I think the natural place for registering segments is the ELF parser (or
whatever other load function one might have), so I don't think we need
to introduce another op for this.

> /*
> * The starting device has been given the rproc->cached_table as the
> * resource table. The address of the vring along with the other
> @@ -975,6 +997,7 @@ static int rproc_fw_boot(struct rproc *rproc, const struct firmware *fw)
> rproc->cached_table = NULL;
> rproc->table_ptr = NULL;
>
> + rproc_unregister_segments(rproc);
> rproc_disable_iommu(rproc);
> return ret;
> }
> @@ -1039,6 +1062,139 @@ static int rproc_stop(struct rproc *rproc)
> return 0;
> }
>
> +static ssize_t rproc_coredump_dump(char *buffer, loff_t offset, size_t count,
> + void *data, size_t datalen)
> +{
> + struct rproc *rproc = (struct rproc *)data;
> + struct rproc_dump_segment *segment;
> + char *header = rproc->dump_header;
> + bool out_of_range = true;
> + size_t adj_offset;
> + void *ptr;
> +
> + if (!count)
> + return 0;
> +

As you calculate the offset for the ELF header I suggest that you store
the file offset back into the segment entries, as you can easily compare
the requested offset with this number (called segment->offset below).

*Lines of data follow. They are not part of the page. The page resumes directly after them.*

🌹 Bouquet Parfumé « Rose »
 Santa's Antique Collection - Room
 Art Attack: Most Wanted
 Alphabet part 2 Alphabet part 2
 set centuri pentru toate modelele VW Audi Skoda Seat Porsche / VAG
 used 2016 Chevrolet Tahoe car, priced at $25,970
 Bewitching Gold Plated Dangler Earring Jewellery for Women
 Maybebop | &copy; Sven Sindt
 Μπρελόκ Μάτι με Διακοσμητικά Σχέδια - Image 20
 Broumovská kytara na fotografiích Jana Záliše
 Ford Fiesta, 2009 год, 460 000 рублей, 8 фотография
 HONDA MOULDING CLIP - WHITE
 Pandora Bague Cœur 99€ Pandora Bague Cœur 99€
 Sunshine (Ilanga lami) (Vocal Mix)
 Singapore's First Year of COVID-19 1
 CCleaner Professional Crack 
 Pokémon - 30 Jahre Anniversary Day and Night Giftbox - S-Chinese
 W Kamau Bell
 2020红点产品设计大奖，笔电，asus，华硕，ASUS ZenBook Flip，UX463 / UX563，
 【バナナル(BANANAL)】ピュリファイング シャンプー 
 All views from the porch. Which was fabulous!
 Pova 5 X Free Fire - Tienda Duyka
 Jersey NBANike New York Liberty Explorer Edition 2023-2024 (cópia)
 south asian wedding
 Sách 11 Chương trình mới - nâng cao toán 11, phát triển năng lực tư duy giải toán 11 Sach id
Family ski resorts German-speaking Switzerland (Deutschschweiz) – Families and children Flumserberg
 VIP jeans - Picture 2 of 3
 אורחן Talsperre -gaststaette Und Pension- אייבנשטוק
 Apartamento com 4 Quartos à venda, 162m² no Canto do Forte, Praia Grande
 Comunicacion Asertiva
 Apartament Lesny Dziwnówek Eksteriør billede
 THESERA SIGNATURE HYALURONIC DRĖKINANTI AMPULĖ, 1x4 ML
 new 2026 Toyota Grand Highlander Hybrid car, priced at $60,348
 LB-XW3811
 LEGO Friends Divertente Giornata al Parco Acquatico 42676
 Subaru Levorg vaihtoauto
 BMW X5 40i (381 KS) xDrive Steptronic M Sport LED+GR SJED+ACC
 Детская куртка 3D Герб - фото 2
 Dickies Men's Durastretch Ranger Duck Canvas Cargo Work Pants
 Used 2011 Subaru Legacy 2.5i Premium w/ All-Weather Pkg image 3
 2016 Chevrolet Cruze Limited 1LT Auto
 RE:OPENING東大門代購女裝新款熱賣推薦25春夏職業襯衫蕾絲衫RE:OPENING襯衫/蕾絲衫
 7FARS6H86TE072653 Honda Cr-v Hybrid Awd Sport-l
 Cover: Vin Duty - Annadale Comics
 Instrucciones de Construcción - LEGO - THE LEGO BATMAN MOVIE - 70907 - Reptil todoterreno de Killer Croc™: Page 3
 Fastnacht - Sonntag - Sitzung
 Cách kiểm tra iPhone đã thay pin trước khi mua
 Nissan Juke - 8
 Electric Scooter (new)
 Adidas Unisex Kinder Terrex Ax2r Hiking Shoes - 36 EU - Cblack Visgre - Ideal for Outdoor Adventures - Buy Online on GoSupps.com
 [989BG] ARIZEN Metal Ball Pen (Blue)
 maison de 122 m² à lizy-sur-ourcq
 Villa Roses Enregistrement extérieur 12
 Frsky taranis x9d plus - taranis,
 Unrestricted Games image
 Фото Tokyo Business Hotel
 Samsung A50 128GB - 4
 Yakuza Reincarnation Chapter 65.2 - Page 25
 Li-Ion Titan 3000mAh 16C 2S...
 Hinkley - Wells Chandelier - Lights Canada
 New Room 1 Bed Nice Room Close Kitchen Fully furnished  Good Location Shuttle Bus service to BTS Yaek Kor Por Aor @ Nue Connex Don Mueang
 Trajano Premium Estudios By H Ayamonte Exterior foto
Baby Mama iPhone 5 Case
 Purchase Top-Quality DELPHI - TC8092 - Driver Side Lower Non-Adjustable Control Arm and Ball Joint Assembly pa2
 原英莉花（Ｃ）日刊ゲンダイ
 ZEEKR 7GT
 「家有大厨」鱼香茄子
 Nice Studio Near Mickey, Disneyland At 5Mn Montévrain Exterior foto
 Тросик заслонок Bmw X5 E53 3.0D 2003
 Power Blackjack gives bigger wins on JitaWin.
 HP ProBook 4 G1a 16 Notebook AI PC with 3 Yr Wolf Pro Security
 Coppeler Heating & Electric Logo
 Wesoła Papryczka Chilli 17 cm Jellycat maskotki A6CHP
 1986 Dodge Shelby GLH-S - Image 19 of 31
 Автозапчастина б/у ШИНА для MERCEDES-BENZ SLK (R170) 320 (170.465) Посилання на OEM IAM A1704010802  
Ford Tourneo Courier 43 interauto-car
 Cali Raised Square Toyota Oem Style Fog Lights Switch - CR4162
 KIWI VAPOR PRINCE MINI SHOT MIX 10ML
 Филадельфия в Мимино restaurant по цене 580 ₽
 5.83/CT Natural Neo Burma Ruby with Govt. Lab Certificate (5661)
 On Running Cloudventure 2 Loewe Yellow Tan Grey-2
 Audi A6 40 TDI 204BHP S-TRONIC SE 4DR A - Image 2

In addition to this I prefer if you do something like this, rather than
only taking a single segment each pass:

size_t written = 0;

if (offset < rproc->dump_header_size) {
len = min_t(count, rproc->dump_header_size - offset);

memcpy(buffer + written, rproc->dump_header + offset, len);

offset += len;
written += len;
count -= len;
}

list_for_each_entry(segment, &rproc->dump_segments, node) {
if (!count || offset > segment->offset)
break;

if (offset < segment->offset) {
offset += segment->size;
continue;
}

ptr = rproc_da_to_va(rproc, segment->da, segment->size);
if (!ptr) {
dev_err(&rproc->dev, "segment addr outside memory range\n");
return -EINVAL;
}

seg_offset = offset - segment->offset;
len = min_t(count, segment->size - seg_offset);

memcpy(buffer + written, ptr + seg_offset, len);

offset += len;
written += len;
count -= len;
}

return written;

> + if (offset < rproc->dump_header_size) {
> + if (count > rproc->dump_header_size - offset)
> + count = rproc->dump_header_size - offset;
> +
> + memcpy(buffer, header + offset, count);
> + return count;
> + }
> +
> + adj_offset = offset - rproc->dump_header_size;
> +
> + list_for_each_entry(segment, &rproc->dump_segments, node) {
> + if (adj_offset < segment->size) {
> + out_of_range = false;
> + break;
> + }
> + adj_offset -= segment->size;
> + }
> +
> + /* check whether it's the end of the list */
> + if (out_of_range) {
> + dev_info(&rproc->dev, "read offset out of range\n");
> + return 0;
> + }
> +
> + if (count > (segment->size - adj_offset))
> + count = segment->size - adj_offset;
> +
> + ptr = rproc_da_to_va(rproc, segment->da, segment->size);
> + if (!ptr) {
> + dev_err(&rproc->dev, "segment addr outside memory range\n");
> + return -EINVAL;
> + }
> +
> + memcpy(buffer, ptr + adj_offset, count);
> + return count;
> +}
> +
> +/**
> + * rproc_coredump_free() - complete the dump_complete completion
> + * @data: rproc handle
> + *
> + * This callback will be called when there occurs a write to the
> + * data node on devcoredump or after the devcoredump timeout.
> + */
> +static void rproc_coredump_free(void *data)
> +{
> + struct rproc *rproc = (struct rproc *)data;
> +
> + complete_all(&rproc->dump_complete);
> +
> + /*
> + * We do not need to free the dump_header data here.
> + * We already do it after completing dump_complete
> + */

You can omit this comment.

> +}
> +
> +/**
> + * rproc_coredump_add_header() - add the coredump header information

Looks like this once was separate from the actual caller of
dev_coredumpm(), but now this would better be called just
"rproc_coredump() - perform coredump"

> + * @rproc: rproc handle
> + *
> + * Returns 0 on success, negative errno otherwise.
> + *
> + * This function creates a devcoredump device associated with rproc
> + * and registers the read() and free() callbacks with this device.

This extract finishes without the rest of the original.